Biostatistics guest speaker, Michael Sohn, University of Pennsylvania, will present, "Statistical Methods in Microbiome Data Analysis."
Microbiome study involves new computational and statistical challenges due to the characteristics of microbiome data: high sparsity, over-dispersion, and high-dimensionality. I am going to present two methods that account for the characteristics of microbiome data: 1) a GLM-based latent variable ordination method and 2) a compositional mediation model.
1) GLM-based latent variable ordination method: Distance-based ordination methods, such as the principal coordinate analysis (PCoA), are incapable of distinguishing between location effect (i.e., the difference in mean) and dispersion effect (i.e., the difference in variation) when there is a strong dispersion effect. In other words, PCoA may falsely display a location effect when there is a strong dispersion effect but no location effect. To resolve this potential problem, I proposed, as an ordination method, a zero-inflated quasi-Poisson factor model whose estimated factor loadings are used to display the similarity of samples.
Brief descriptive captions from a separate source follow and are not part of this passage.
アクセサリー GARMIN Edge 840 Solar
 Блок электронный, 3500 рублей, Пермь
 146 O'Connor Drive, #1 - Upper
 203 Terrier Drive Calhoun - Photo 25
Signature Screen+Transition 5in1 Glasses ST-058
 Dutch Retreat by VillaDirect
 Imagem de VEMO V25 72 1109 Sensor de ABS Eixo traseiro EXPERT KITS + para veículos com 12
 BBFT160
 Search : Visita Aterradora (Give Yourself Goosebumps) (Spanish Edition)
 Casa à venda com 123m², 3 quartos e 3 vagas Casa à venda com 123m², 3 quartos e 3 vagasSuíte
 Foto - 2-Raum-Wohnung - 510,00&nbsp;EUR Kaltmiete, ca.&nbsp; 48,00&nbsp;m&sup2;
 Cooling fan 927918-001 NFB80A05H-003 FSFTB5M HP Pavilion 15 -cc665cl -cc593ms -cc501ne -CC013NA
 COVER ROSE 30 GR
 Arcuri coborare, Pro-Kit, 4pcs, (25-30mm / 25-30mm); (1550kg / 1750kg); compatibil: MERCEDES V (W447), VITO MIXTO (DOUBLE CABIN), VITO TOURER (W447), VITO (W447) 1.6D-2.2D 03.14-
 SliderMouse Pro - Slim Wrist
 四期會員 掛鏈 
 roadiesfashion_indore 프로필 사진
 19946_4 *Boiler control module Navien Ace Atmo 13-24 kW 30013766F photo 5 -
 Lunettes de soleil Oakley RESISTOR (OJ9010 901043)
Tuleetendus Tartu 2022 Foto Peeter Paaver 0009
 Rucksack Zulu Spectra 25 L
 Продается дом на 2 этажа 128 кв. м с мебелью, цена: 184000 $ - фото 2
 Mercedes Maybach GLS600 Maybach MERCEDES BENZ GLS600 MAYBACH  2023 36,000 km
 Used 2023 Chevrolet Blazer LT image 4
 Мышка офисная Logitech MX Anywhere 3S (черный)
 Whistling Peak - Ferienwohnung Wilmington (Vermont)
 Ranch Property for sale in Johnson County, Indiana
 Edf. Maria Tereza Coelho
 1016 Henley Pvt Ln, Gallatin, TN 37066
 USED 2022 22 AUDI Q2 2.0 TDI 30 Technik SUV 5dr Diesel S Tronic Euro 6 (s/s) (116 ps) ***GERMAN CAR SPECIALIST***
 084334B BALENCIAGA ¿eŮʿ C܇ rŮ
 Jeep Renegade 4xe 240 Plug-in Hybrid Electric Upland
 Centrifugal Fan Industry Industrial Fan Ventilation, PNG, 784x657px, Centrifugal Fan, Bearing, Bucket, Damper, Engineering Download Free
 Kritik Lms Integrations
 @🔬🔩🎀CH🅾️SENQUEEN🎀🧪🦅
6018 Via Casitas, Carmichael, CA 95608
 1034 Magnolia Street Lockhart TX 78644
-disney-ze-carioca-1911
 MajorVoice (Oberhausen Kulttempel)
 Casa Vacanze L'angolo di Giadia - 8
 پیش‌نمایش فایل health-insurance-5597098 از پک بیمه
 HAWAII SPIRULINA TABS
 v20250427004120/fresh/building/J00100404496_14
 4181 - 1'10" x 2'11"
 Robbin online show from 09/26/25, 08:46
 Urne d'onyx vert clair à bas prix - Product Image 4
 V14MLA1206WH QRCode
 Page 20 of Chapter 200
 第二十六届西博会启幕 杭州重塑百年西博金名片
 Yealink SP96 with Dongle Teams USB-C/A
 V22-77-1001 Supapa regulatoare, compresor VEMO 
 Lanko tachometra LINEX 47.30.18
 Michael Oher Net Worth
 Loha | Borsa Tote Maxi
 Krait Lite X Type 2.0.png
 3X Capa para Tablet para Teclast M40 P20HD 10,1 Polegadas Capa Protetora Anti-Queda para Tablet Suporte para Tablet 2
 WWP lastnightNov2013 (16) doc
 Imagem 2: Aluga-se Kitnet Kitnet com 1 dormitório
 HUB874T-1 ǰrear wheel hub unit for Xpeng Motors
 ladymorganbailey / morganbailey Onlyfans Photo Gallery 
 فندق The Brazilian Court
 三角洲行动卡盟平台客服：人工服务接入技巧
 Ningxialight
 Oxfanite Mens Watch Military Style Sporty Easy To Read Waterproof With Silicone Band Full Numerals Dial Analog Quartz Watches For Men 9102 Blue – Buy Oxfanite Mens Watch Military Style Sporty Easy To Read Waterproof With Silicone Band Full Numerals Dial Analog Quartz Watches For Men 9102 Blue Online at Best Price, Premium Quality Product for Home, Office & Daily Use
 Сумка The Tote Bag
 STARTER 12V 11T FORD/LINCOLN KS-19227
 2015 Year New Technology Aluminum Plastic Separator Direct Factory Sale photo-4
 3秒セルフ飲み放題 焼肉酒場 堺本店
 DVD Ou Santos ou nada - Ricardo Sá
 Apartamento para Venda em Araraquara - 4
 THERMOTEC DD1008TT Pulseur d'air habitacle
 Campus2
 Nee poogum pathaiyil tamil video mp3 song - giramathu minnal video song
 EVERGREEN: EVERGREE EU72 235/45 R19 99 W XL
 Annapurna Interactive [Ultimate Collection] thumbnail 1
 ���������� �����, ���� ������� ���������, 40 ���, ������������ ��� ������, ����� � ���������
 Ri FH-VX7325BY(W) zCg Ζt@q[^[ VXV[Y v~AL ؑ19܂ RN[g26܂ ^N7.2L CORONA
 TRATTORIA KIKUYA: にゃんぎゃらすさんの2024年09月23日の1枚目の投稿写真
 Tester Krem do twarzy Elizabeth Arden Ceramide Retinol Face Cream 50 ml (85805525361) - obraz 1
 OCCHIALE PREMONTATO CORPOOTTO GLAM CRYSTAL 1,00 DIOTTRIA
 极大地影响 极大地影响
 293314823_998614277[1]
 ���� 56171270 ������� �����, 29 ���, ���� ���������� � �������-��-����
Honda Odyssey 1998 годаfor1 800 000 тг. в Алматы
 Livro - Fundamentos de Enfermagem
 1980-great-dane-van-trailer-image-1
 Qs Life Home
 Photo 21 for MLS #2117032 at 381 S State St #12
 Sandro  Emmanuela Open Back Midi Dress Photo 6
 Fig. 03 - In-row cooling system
2) Compositional mediation model: The causal mediation model has been extended to incorporate nonlinearity, treatment-mediation interaction, and multiple mediators. These models, however, are not directly applicable when mediators are components of a composition. I proposed a causal, compositional mediation model utilizing the algebra for compositions in the simplex space and an L1 penalized linear regression for compositional data in high-dimensional settings. The estimators of the direct and indirect (or mediation) effects are defined under the potential outcomes framework to establish causal interpretation. The model involves a novel integration of statistical methods in high dimensional regression analysis, compositional data analysis, and causal inference.